• Task prompt
Once the line holding "Back view of" is found in the listing below, write it out and each later line exactly, up to and including the one holding "Seamless pattern with".

• Data section
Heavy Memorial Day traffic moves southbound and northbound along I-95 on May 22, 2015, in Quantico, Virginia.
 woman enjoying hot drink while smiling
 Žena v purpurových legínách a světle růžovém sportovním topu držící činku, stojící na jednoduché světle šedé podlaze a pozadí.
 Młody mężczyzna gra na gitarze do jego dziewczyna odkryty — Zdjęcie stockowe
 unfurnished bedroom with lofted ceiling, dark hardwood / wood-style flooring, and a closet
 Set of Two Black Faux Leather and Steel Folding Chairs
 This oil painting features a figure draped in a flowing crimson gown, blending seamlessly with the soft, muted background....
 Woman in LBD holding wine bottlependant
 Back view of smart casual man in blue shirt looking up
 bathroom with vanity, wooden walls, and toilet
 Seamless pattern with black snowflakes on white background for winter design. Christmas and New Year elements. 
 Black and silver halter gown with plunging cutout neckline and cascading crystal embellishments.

• Completed exercise
 Back view of smart casual man in blue shirt looking up
 bathroom with vanity, wooden walls, and toilet
 Seamless pattern with black snowflakes on white background for winter design. Christmas and New Year elements. 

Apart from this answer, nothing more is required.